▶ [Exercise]: The entries below contain a line with "Inviting single-story home" and a line with "A woman is sitting". Quote exactly those two lines and all lines between them.
===============
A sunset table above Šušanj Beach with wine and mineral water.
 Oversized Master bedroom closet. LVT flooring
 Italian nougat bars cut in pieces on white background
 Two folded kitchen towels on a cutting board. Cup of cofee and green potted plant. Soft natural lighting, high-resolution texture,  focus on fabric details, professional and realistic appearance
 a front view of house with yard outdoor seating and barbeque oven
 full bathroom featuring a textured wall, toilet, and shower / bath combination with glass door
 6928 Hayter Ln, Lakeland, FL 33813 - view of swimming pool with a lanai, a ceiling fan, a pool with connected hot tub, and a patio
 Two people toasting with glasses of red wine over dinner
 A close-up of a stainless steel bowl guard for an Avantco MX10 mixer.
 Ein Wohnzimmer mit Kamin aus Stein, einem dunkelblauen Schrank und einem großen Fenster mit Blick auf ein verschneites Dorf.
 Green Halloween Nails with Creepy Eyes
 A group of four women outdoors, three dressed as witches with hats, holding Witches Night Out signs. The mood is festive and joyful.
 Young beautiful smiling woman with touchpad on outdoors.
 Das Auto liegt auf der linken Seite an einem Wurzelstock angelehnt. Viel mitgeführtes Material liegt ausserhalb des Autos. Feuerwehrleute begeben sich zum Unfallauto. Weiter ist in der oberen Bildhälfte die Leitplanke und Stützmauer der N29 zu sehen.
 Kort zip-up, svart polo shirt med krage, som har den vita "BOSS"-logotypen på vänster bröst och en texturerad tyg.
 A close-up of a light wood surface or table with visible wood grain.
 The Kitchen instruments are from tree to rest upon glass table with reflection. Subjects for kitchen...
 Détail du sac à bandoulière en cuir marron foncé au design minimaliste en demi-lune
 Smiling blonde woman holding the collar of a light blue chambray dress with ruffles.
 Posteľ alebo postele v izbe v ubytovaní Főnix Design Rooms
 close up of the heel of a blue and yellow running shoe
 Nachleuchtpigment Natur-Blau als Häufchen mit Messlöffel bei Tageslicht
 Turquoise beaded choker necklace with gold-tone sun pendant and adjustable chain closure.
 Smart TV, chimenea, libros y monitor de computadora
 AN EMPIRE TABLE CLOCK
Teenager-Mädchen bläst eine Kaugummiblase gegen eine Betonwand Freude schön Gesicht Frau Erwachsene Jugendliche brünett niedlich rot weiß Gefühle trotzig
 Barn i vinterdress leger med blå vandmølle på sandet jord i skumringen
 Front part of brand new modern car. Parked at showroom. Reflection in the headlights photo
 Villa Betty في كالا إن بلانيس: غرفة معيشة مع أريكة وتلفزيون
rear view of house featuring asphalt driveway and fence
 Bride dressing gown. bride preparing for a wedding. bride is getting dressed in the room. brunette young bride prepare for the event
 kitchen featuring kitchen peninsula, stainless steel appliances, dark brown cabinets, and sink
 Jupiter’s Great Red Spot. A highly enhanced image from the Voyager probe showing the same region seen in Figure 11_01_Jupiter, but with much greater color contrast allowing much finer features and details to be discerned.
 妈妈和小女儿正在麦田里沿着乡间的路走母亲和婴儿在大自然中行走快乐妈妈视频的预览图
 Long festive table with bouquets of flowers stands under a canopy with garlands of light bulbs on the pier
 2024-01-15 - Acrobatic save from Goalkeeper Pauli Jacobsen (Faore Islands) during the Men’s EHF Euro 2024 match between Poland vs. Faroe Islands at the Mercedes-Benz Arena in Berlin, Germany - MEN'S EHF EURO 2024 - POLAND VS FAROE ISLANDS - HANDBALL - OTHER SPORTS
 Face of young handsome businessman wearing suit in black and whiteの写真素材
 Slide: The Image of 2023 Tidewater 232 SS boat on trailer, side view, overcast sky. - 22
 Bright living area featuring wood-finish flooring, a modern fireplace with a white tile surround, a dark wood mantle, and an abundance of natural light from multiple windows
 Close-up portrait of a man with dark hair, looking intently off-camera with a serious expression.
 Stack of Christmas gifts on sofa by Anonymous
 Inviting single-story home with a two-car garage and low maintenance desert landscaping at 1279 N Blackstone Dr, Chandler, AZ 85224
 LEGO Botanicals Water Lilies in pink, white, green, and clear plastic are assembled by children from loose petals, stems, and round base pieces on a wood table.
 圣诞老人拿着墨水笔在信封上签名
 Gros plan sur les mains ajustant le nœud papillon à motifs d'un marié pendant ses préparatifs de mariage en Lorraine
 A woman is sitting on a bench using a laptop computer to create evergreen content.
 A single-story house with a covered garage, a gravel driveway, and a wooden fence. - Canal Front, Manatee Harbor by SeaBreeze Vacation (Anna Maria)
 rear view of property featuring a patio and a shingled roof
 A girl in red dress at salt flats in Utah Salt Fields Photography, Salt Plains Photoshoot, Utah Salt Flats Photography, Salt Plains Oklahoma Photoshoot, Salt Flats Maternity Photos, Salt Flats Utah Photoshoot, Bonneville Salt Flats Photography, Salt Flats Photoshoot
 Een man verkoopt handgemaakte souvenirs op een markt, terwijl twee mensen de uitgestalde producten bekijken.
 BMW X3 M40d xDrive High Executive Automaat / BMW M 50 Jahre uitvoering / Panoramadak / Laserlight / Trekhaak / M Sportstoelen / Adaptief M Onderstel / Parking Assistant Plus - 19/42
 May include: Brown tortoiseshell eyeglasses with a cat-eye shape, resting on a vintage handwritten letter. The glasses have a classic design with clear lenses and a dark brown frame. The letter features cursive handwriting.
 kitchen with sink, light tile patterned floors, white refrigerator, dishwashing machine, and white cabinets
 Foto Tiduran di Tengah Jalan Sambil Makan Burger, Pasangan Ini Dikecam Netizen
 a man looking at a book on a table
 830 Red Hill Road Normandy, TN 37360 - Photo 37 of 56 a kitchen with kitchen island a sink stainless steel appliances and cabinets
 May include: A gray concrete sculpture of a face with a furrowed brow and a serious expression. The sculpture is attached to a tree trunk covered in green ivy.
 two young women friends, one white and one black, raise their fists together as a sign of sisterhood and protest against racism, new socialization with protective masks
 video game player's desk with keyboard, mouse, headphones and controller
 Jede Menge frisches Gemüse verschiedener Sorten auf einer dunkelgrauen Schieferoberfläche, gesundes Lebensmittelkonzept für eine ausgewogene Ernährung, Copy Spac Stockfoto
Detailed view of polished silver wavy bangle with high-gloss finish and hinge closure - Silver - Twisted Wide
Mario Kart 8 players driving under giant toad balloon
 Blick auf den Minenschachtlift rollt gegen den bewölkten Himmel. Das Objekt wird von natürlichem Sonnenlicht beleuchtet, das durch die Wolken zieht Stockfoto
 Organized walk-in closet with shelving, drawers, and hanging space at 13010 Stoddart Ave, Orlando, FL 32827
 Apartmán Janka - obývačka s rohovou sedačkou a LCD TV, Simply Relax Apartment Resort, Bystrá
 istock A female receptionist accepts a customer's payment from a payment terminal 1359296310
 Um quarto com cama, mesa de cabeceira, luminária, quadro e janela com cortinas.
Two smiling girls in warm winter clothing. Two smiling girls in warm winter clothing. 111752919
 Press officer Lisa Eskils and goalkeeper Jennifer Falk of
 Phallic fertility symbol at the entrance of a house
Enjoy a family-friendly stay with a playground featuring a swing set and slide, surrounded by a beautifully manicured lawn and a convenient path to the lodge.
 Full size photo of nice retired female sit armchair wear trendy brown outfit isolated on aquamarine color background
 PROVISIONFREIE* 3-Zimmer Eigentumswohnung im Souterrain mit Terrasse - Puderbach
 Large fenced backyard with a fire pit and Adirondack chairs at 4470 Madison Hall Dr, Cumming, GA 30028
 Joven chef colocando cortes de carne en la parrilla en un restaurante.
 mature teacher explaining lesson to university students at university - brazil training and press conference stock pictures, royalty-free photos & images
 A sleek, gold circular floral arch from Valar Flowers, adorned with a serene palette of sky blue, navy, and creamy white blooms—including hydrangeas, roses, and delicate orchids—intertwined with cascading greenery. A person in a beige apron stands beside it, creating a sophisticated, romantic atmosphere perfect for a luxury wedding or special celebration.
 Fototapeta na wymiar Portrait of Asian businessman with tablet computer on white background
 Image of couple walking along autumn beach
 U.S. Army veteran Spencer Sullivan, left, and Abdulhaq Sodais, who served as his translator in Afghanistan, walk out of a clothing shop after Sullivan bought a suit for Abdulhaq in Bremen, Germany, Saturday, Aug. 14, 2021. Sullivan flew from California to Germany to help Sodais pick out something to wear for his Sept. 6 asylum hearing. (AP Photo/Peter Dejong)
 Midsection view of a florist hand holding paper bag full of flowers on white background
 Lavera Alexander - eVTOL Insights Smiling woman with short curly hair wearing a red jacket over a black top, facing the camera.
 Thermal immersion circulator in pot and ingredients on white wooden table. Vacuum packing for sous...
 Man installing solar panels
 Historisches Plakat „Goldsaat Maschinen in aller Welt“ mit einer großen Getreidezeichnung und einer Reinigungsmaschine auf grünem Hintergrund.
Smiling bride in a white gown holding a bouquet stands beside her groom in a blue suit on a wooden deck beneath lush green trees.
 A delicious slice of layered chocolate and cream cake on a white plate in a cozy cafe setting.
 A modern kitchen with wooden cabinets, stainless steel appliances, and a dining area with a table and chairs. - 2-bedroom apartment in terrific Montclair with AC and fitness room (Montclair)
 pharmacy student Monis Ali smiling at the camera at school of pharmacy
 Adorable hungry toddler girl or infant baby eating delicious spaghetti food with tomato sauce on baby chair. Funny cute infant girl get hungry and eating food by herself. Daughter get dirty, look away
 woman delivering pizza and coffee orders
===============
▶ [Your response]:
 Inviting single-story home with a two-car garage and low maintenance desert landscaping at 1279 N Blackstone Dr, Chandler, AZ 85224
 LEGO Botanicals Water Lilies in pink, white, green, and clear plastic are assembled by children from loose petals, stems, and round base pieces on a wood table.
 圣诞老人拿着墨水笔在信封上签名
 Gros plan sur les mains ajustant le nœud papillon à motifs d'un marié pendant ses préparatifs de mariage en Lorraine
 A woman is sitting on a bench using a laptop computer to create evergreen content.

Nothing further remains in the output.